Wideman is a wonderful writer. When he describes a player's drive to the basket, gliding into the air, checking out all around him, you can picture the action and feel the the excitement. When he describes the social protocols for the pick-up game he nails it When he describes the early days of the National Basketball Association, including the unique challenges for Black players, you can see it and feel it.
Unfortunately Hoop Roots contains far too few accounts like these. This book is about John Wideman growing up in a Black neighborhood in Pittsburgh, about his relationship to his family and in particular his grandmother, about Black athletes and Black men in America. Basketball, which has played such a key role in Wideman's life, is sprinkled throughout, often in bits and pieces that left me wanting much more.

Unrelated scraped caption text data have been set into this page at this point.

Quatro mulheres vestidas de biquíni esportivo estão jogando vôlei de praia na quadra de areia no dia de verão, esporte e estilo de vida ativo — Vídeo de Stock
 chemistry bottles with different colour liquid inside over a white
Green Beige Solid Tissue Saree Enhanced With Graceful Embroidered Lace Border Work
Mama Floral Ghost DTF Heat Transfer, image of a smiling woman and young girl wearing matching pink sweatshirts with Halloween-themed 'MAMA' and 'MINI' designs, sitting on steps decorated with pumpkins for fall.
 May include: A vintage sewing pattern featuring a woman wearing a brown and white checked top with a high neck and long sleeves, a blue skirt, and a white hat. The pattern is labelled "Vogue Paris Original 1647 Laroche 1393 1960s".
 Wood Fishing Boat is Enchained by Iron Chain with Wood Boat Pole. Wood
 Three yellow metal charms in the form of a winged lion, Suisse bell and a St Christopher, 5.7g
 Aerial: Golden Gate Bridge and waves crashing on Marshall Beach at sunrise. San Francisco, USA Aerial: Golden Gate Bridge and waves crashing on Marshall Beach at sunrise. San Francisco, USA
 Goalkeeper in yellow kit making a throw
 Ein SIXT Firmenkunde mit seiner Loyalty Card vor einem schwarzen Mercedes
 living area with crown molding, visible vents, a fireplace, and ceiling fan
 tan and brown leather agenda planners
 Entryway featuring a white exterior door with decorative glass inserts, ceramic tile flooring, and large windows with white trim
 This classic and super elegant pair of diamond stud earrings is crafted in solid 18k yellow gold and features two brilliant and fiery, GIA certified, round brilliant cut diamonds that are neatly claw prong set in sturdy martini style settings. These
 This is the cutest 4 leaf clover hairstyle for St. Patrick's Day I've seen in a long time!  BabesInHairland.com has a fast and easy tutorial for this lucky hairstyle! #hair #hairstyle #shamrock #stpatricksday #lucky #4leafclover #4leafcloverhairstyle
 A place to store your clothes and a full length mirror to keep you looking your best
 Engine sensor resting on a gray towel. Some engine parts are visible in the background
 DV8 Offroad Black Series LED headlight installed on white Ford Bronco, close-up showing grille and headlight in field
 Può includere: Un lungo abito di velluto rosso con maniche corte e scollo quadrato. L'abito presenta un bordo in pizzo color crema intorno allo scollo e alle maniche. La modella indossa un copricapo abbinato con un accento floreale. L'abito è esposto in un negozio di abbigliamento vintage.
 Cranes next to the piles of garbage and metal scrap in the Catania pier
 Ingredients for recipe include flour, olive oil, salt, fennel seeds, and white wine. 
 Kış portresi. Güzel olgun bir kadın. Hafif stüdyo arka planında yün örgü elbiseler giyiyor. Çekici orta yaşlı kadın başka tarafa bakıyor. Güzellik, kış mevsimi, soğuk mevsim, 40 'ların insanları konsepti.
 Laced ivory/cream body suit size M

Wideman was a star high school and college basketball player. He came the same neighborhood as NBA great Maurice Stokes and other noted stars. He played highly competitive playground basketball until he was 59, long after he had become an award-winning writer. I had so many questions for him. What was it like playing organized high school and college ball compared to the playgrounds? What were his own experiences as a playground player? What were some of his most memorable experiences in the playground game? How did he ever play until he was 59?!
Instead Wideman gives us long passages on the different routes he took to get to the playground as a youth, oversized shorts versus short shorts, and a fable about the Globe Trotters first road trip. It's all brilliantly written. It's just not about basketball.